Gmach posiadał trzy elewacje, ale to ta od strony pl. Zielonego, gdzie mieściło się główne wejście do hotelu, uzyskała dodatkowo reprezentacyjny portal. Ozdobiono ją popiersiami prawdopodobnie przeniesionymi z rozebranego wcześniej hotelu Maringe’a. – Lubił tam bywać marszałek Piłsudski, gdy przyjeżdżał do stolicy w różnych sprawach – zauważa Sylwia Zientek. I rzeczywiście w okresie przed I wojną światową był on częstym gościem, zamieszkał również we Francuskim podczas pobytu w zajętej przez Niemców Warszawie w sierpniu 1915.
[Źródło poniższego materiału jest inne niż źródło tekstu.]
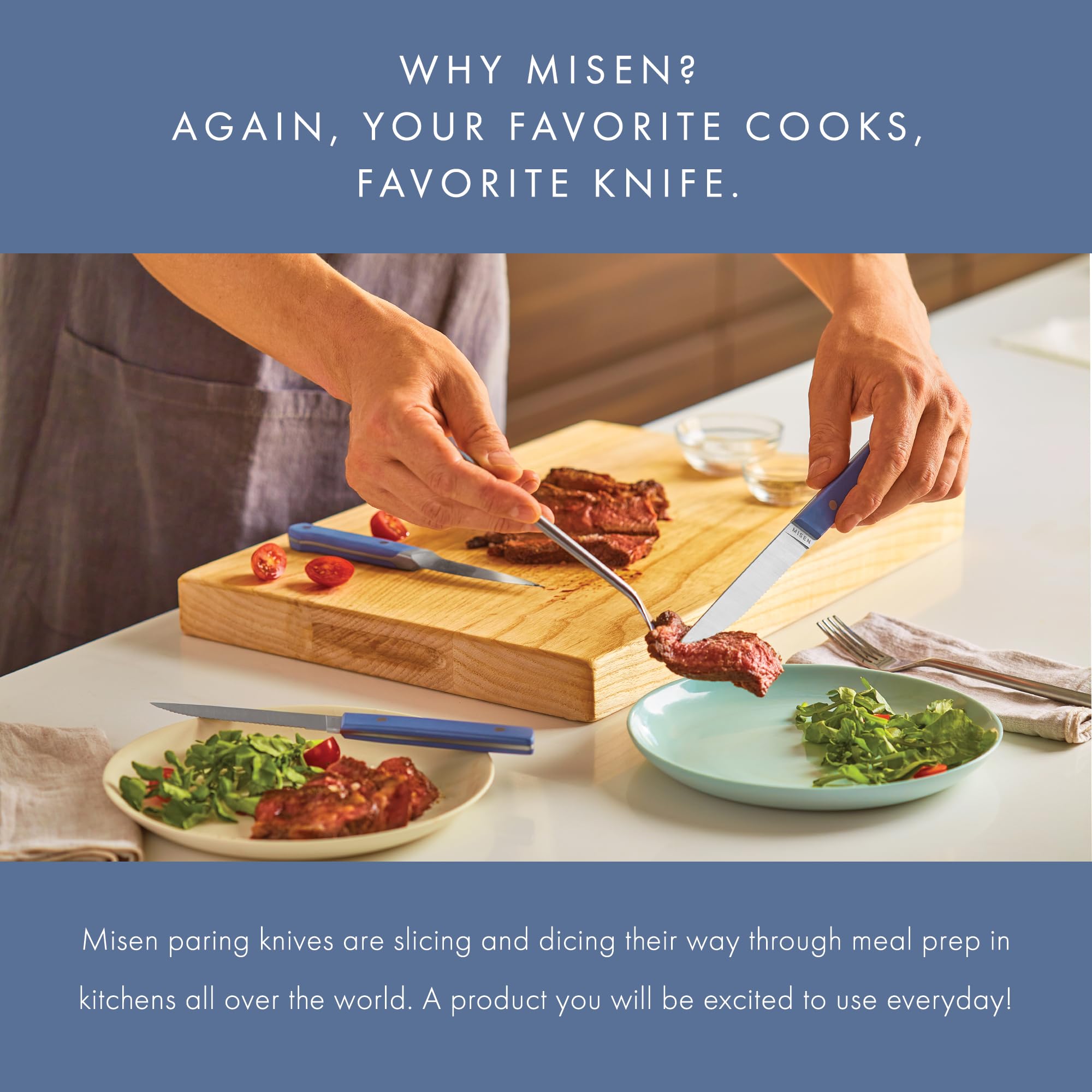 Misen paring knife with ergonomic POM handle designed for fingertip control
Przyziemie budynku mieściło sklepy i lokale usługowe, m.in. luksusowy sklep spożywczy A.W. Kuzniecowa, sklep muzyczny i radiowy B. Rudzkiego oraz centralę kolektury firmy E. Lichtenstein i S-ka. Po likwidacji Hotelu Francuskiego budynek w okresie międzywojennym był siedzibą różnych instytucji, m.in. Ministerstwa Reform Rolnych, Ministerstwa Ochrony Pracy i Opieki Społecznej, a także Grodzkiej Izby Skarbowej. Został nieznacznie uszkodzony podczas bombardowania Warszawy we wrześniu 1939. Podczas niemieckiej okupacji prowizorycznie zabezpieczony, uległ doszczętnemu zniszczeniu podczas powstania warszawskiego, a po wojnie mury wypalonej budowli rozebrano.